● **DIRECTIONS FOR THIS TASK**: What is needed is an exact copy of the lines from the one containing "Spike & Star Cartilage Barbell detail 7" through the last line of the records, with no pictures.

Short descriptive text snippets
::::::

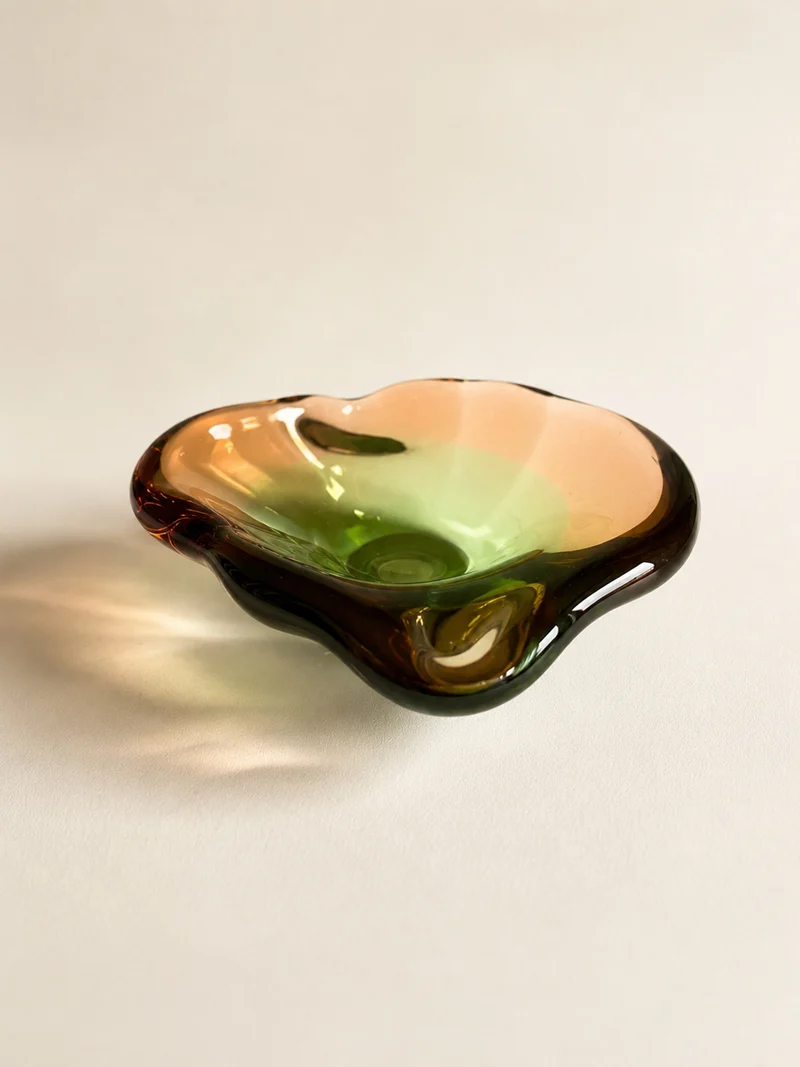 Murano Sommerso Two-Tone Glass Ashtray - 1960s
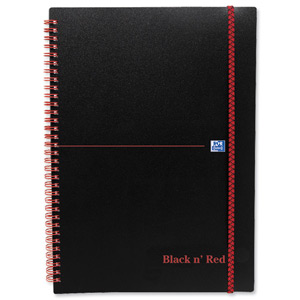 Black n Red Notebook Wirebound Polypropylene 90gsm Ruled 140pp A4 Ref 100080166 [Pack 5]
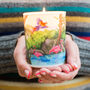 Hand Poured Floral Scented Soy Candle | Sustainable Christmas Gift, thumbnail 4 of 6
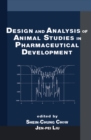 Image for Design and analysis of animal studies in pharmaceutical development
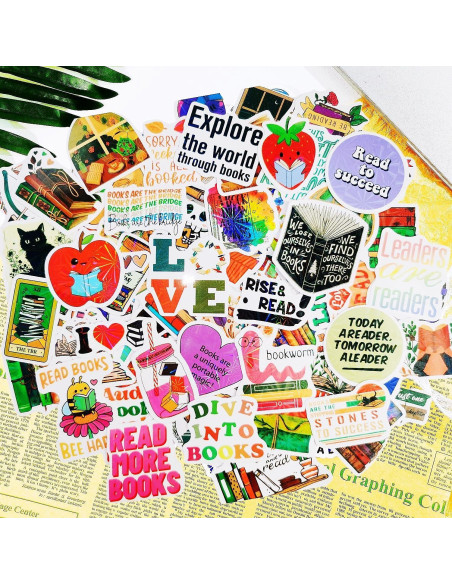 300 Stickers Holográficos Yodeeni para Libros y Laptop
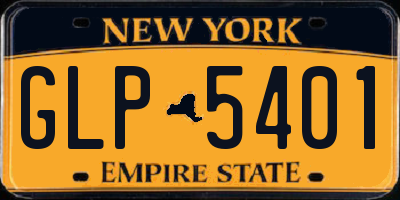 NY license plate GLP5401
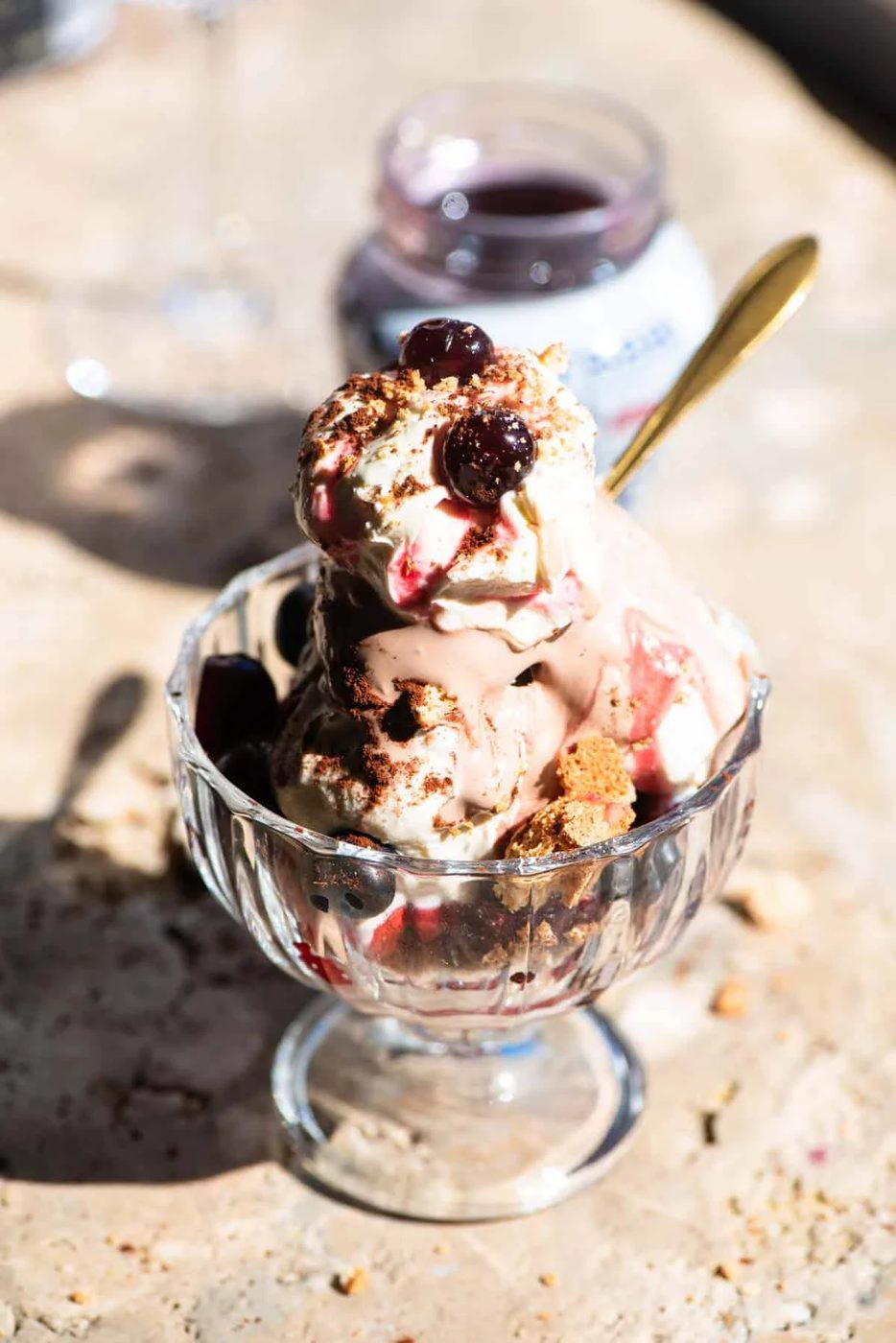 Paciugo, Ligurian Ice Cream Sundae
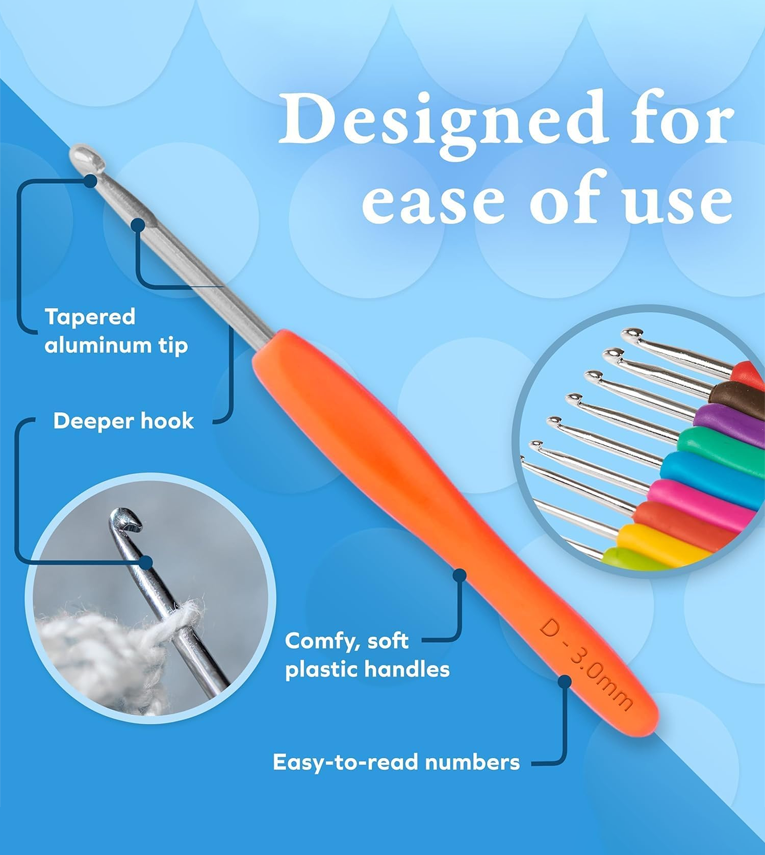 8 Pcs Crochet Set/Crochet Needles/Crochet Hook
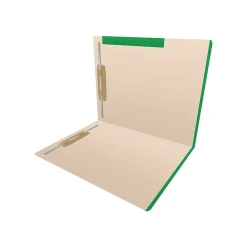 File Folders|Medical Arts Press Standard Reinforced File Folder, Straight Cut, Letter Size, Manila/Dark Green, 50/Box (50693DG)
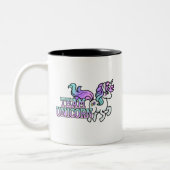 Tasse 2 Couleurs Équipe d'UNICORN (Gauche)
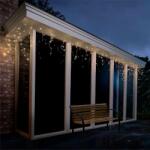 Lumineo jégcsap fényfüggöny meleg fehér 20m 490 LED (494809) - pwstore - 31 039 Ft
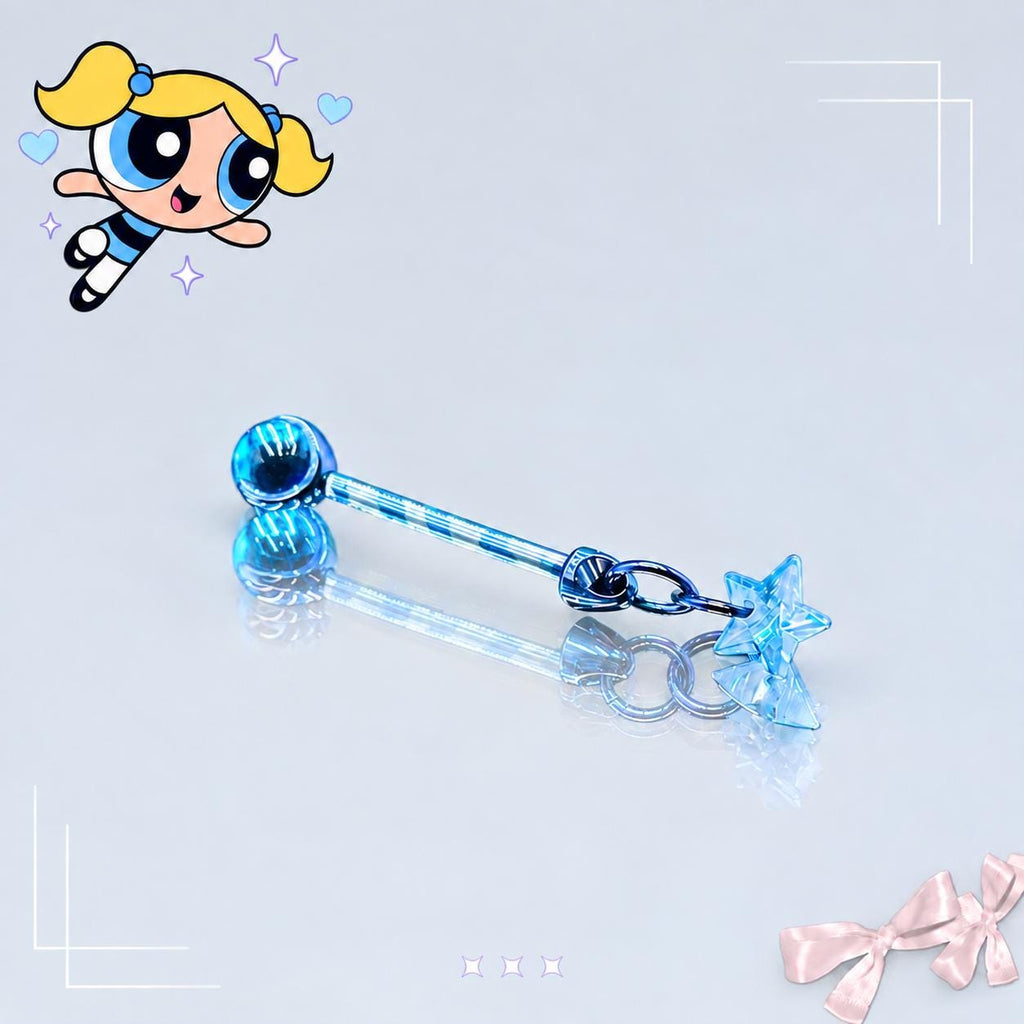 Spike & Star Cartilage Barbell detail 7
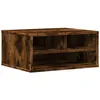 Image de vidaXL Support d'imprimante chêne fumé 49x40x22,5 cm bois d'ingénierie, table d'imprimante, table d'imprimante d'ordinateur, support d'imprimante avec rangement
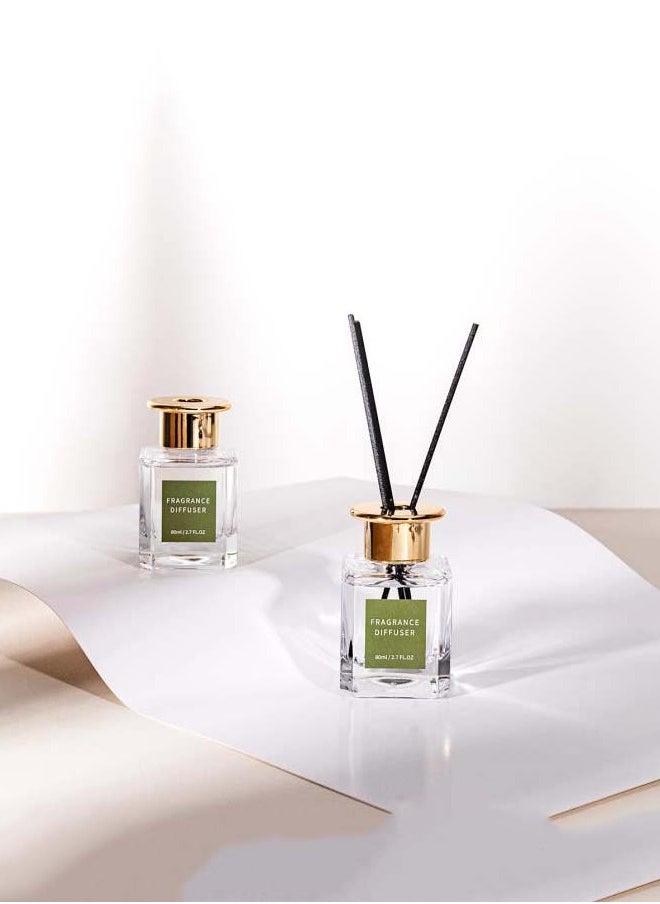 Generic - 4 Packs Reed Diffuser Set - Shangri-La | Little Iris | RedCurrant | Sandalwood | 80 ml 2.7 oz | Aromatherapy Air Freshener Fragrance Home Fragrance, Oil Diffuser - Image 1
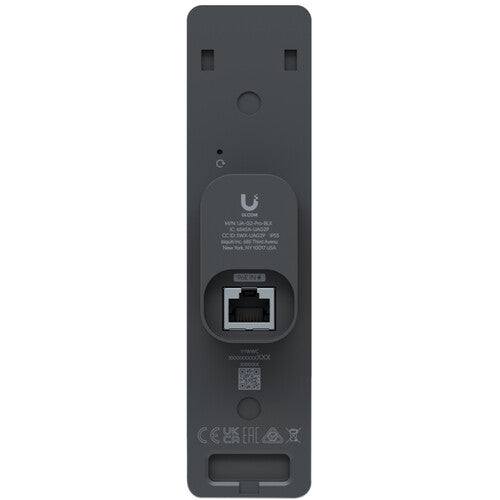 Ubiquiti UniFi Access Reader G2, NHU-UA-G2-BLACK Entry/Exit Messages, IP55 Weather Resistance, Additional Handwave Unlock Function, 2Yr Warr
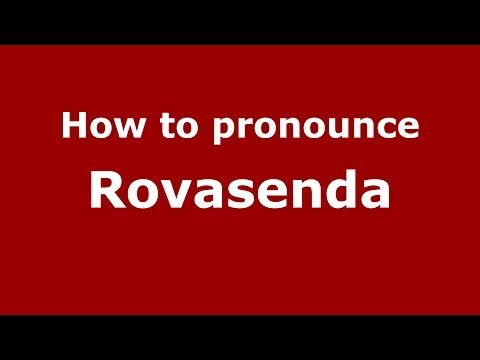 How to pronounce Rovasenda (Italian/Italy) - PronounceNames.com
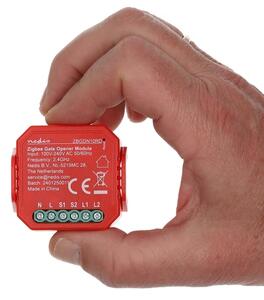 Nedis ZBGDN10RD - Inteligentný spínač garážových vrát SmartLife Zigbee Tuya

::::::

● **REPLY TO THE TASK**:
 Spike & Star Cartilage Barbell detail 7
 Image de vidaXL Support d'imprimante chêne fumé 49x40x22,5 cm bois d'ingénierie, table d'imprimante, table d'imprimante d'ordinateur, support d'imprimante avec rangement
 Generic - 4 Packs Reed Diffuser Set - Shangri-La | Little Iris | RedCurrant | Sandalwood | 80 ml 2.7 oz | Aromatherapy Air Freshener Fragrance Home Fragrance, Oil Diffuser - Image 1
 Ubiquiti UniFi Access Reader G2, NHU-UA-G2-BLACK Entry/Exit Messages, IP55 Weather Resistance, Additional Handwave Unlock Function, 2Yr Warr
 How to pronounce Rovasenda (Italian/Italy) - PronounceNames.com
 Nedis ZBGDN10RD - Inteligentný spínač garážových vrát SmartLife Zigbee Tuya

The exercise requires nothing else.